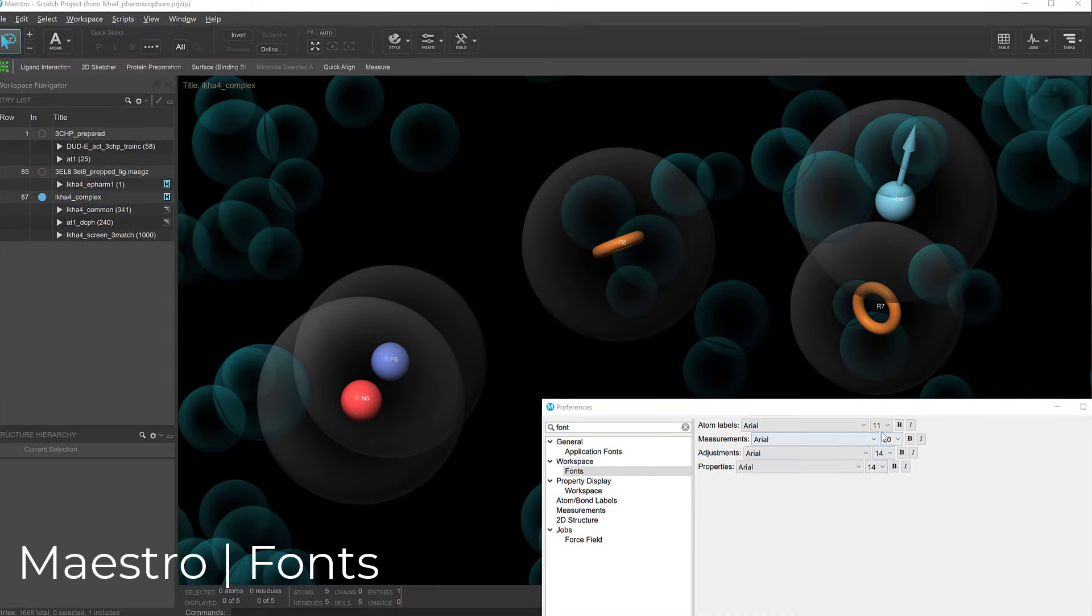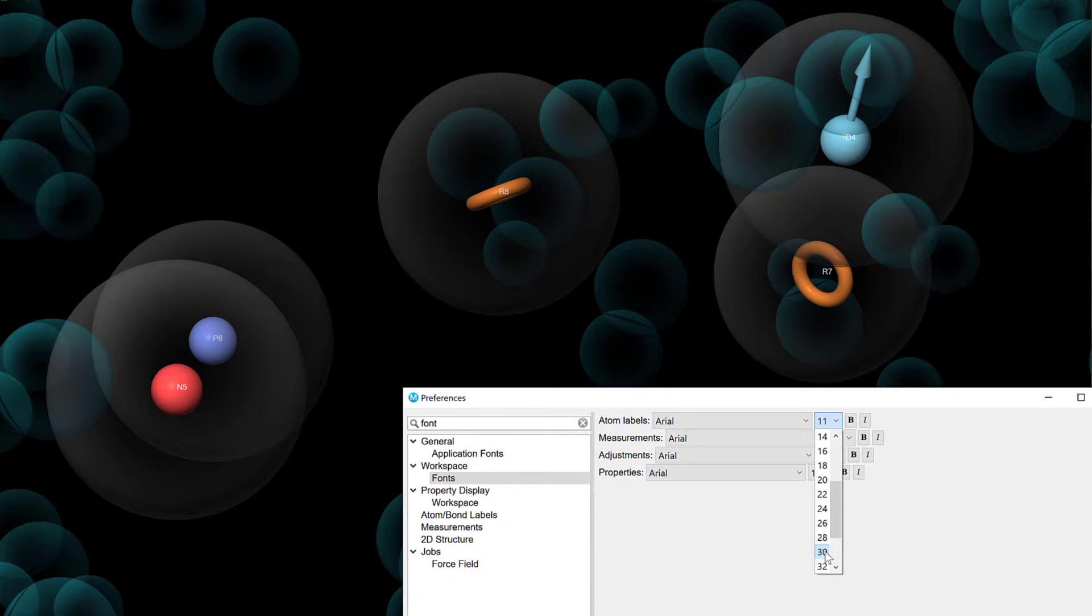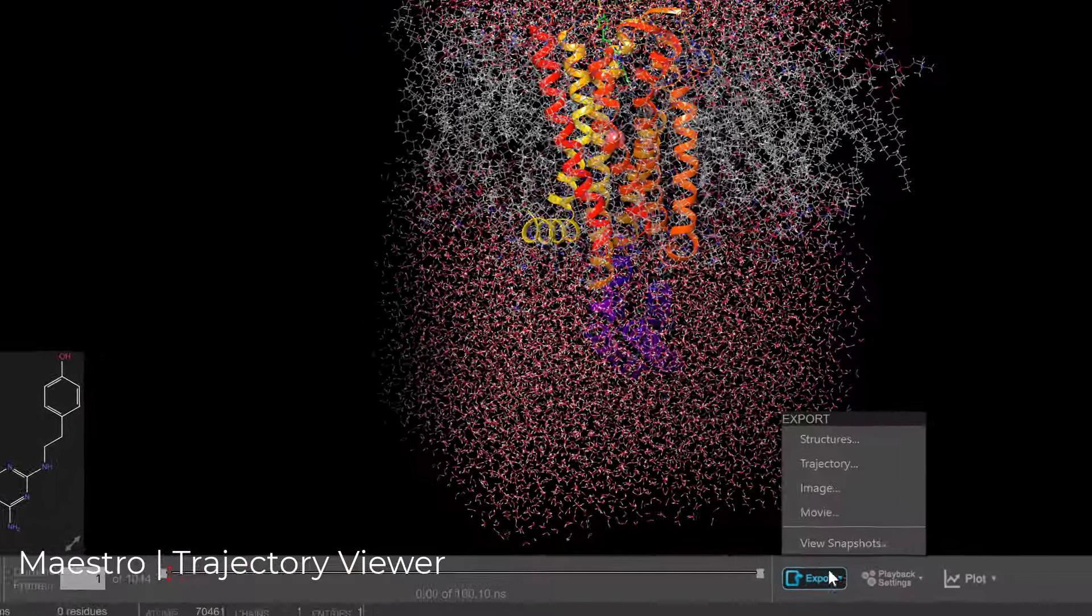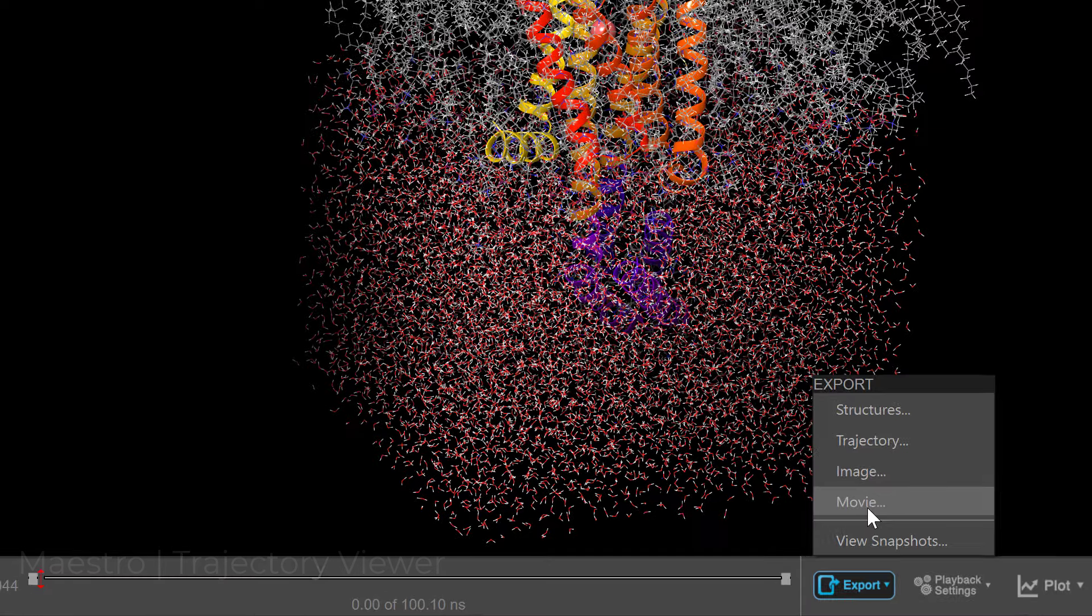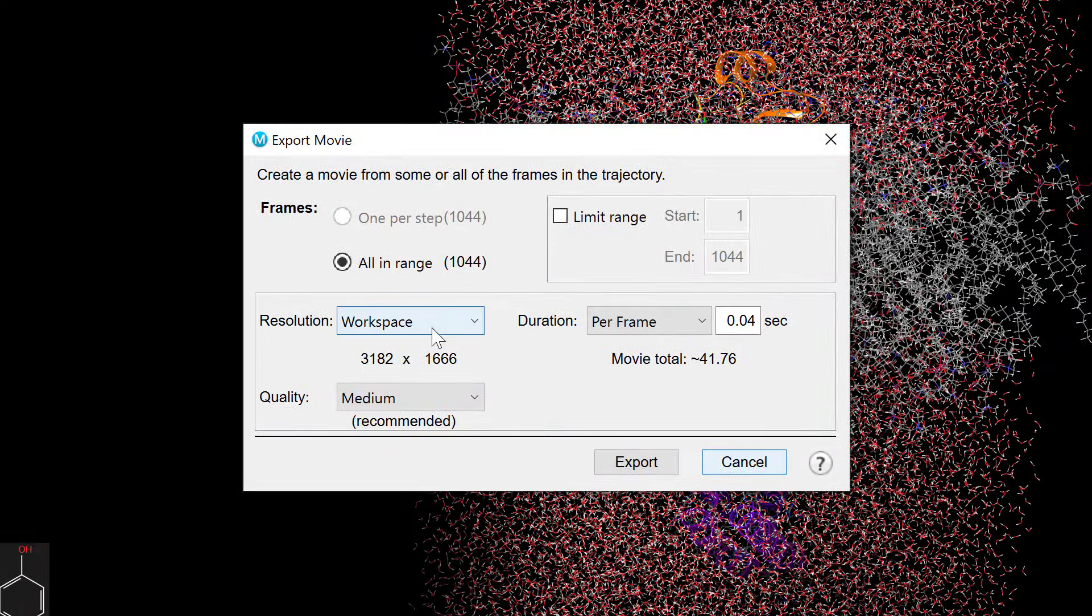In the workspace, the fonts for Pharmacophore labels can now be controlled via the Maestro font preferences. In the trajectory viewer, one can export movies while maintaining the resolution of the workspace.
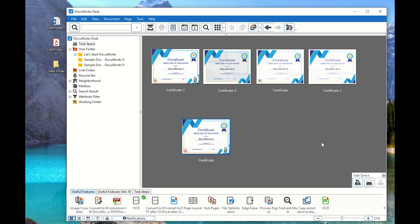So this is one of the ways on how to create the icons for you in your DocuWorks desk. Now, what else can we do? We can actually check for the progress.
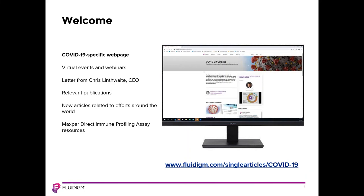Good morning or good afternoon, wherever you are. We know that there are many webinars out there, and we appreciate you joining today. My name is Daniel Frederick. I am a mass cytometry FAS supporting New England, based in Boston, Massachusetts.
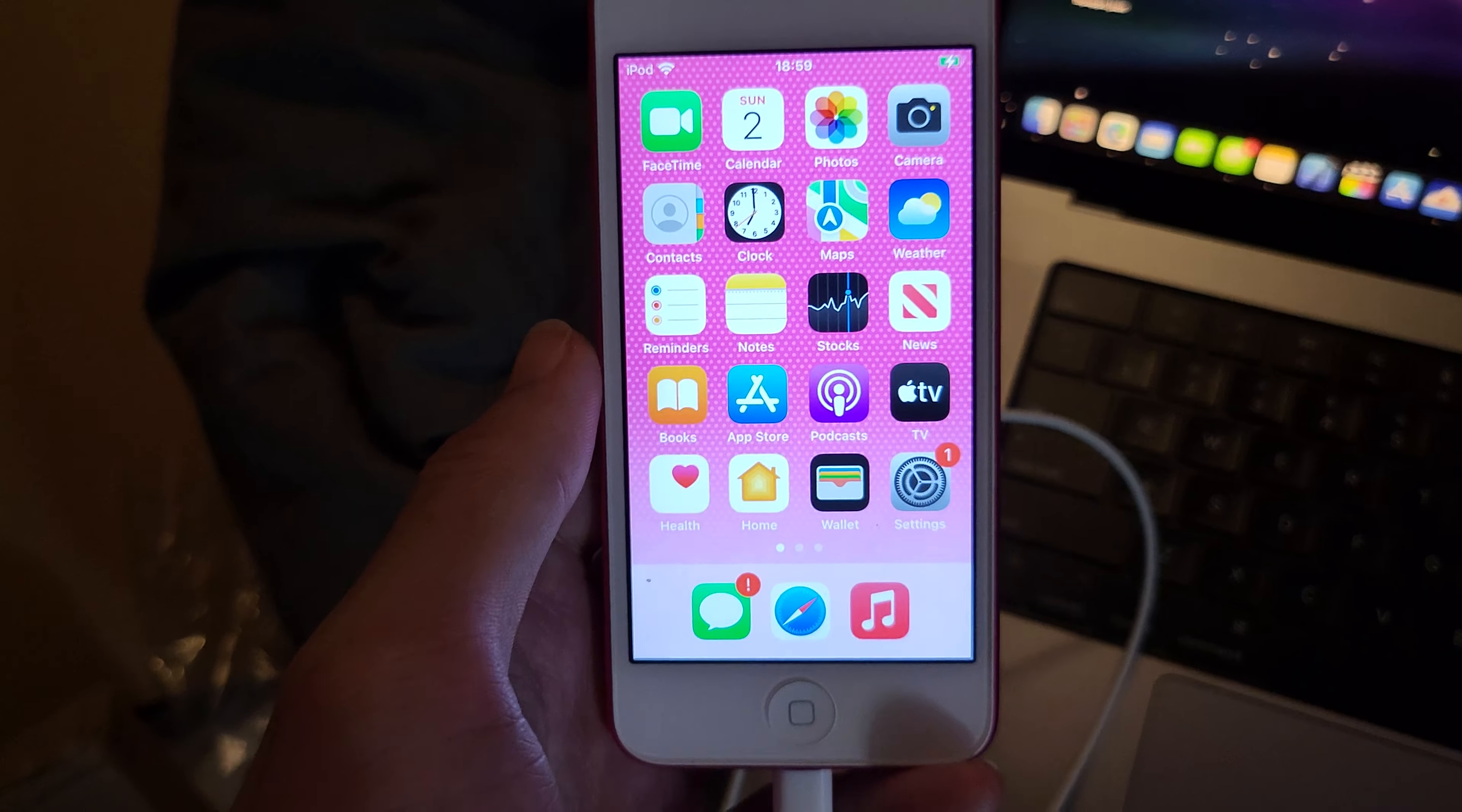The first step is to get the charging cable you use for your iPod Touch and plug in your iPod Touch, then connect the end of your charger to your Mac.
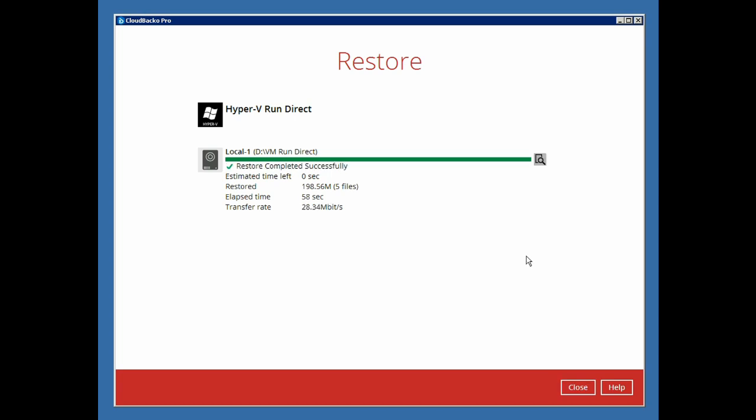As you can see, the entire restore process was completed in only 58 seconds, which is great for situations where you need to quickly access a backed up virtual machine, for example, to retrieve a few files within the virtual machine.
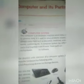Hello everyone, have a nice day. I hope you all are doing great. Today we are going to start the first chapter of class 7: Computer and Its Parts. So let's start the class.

**ASSIGNMENT:** Going from the line that holds "As you can see, the" to the end of the listing above, copy each line exactly and nothing more, leaving pictures aside.

**YOUR SOLUTION:**
As you can see, the entire restore process was completed in only 58 seconds, which is great for situations where you need to quickly access a backed up virtual machine, for example, to retrieve a few files within the virtual machine.
Hello everyone, have a nice day. I hope you all are doing great. Today we are going to start the first chapter of class 7: Computer and Its Parts. So let's start the class.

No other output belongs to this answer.